Calvin’s Positive Principle for Music
A lot has been made of the way in which thinkers in the Augustinian tradition—perhaps most especially Calvin—are suspicious of the value of music in worship. Calvin acknowledges Augustine’s concerns in 3.XX.32. “Yet we should be very careful that our ears be not more attentive to the melody than our minds to the spiritual meaning of the words. Augustine also admits in another place that he was so disturbed by this danger that he sometimes wished to see established the custom observed by Athanasius, who ordered the reader to use so little inflection of the voice that he would sound more like a speaker than a singer. But when he recalled how much benefit singing had brought him, he inclined to the other side.” (McNeill, v. 2, 895-896) Thus the Augustinian tradition is, like most of the western tradition, pro-music but always pro-music with a caveat. Augustine’s own language would seem to locate the problem in the sensual nature of music (at least in his more neo-Platonic mindset in Confessions), which is likely to distract the listener from the whole purpose of worship music, which is the glorification of God (read: the text). And so Calvin is often seen to hold a position more or less interchangeable with Augustine’s: suspicious, on a theological level, of music’s worth.
But this is ignoring the better part of what Calvin has to say about music in 3.XX.31-33. It’s worth noting that Calvin does not locate (or mention, anyway) the problem of music in its sensuous qualities. He mentions Augustine as a tangent, clearly as a sort of refutatio, concluding that, unlike the more Athanasian among the Reformers, he thought music “is without any doubt a most holy and salutary practice,” provided that “moderation is maintained.” I’m not arguing that he doesn’t participate in any of Augustine’s dualist tendencies, but I think that an emphasis on that leads to ignoring the most important statement on music Calvin has.
And the statement is this: music is a way of preventing congregants from auto-piloting through the liturgy.
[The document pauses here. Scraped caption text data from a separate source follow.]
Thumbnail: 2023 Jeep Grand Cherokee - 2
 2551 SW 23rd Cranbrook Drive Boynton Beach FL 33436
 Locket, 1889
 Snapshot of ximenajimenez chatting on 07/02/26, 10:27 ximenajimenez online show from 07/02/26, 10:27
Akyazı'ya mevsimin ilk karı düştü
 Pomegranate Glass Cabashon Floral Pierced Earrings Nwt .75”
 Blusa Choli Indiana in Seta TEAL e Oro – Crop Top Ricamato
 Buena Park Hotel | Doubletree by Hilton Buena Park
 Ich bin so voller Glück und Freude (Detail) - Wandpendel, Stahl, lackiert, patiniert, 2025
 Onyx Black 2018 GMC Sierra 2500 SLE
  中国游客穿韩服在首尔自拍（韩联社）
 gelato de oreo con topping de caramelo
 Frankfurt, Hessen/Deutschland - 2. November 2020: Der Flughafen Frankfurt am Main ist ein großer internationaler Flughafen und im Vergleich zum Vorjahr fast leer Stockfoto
This positive principle for church music has its roots, of course, in a more noetic perspective on human sin. Calvin is inserting this tangent on church singing (3.XX.32 in the 1543 edition) in the middle of a chunk from the original 1536 Institutes where the broader context is prayer. Calvin begins with the typical concern that people don’t actually mean the prayers and the liturgies that they say, citing Isaiah 29:13 and similar verses. “Unless voice and song, if interposed in prayer, spring from deep feeling of heart, neither has any value or profit in the least with God. But they arouse his wrath against us if they come only from the tip of the lips and from the throat, seeing that this is to abuse his most holy name and to hold his majesty in derision.”And it is in this context that he immediately moves in the 1536 edition to a defense of prayers in the vernacular (“not in Greek among the Latins, nor in Latin among the French or English…”), a logical step since Latin in the service commits the same sin of insincerity. All this can only but resonate with anyone in any church ever—a liturgy, once adopted, tends to make its celebrators go onto auto-pilot in very short order. We sail through formations that we’ve done a thousand times and find it difficult to concentrate. Calvin takes this seriously. He doesn’t just treat it as a necessary side-effect of liturgy, nor does he chuck out the liturgy itself as the problem.
Instead, he characteristically identifies the problem in the nous. “Yet we do not here condemn speaking and singing [NB the problem is not external as in Athanasius or Augustine] but rather strongly commend them, provided they are associated with the heart’s affection. For thus do they exercise the mind [emphasis mine] in thinking of God and keep it attentive—unstable and variable as it is, and readily relaxed and diverted in different directions, unless it be supported by various helps.”
And that is Calvin’s positive principle of church music, that it be a supportive help for keeping the noetically-effected worshipper attentive and thinking of God. And this principle is no insult to music: clearly, in order to affect this vigilance and constant awakening, music must constantly keep slapping us in the face and throwing cold water on us. If we say the same prayers a thousand times, like the Lord’s Prayer that Calvin is about to analyze in the following chapters, we say them each time with music that edifies us and glorifies the text. Good church music makes every Sunday feel like we are encountering the liturgy as if it were new.
It’s obvious that certain Calvinist traditions were more affected by Calvin’s tangential warning against music than his capacious endorsement of it, the same sorts of Calvinist tradition that are likely to be down on instruments and florid music and so on. But as for Calvin’s positive comments and his vision for what music could be, what better way to understand the music of Sweelinck, a Calvinist, and his pupils Praetorius and Scheidemann? The predominately Italian Catholic practice of a church toccata or ricercare (whose names “to touch” and “to discover” encapsulate the idea of noodling innocently) turns, through a Calvinist filter in the Netherlands, into a Buxtehude Praeludium whose stylus fantasticus unflinchingly destroys the possibility of not paying attention. This church music principle is a grand thought, not absent in the best church music in the Lutheran, Anglican and, even in the 20th century, French Roman Catholic tradition (Dupre, Alain, and Messiaen). Of course, you don’t need to be a Calvinist to view church music this way, but you aren’t really a Calvinist if you don’t, it seems.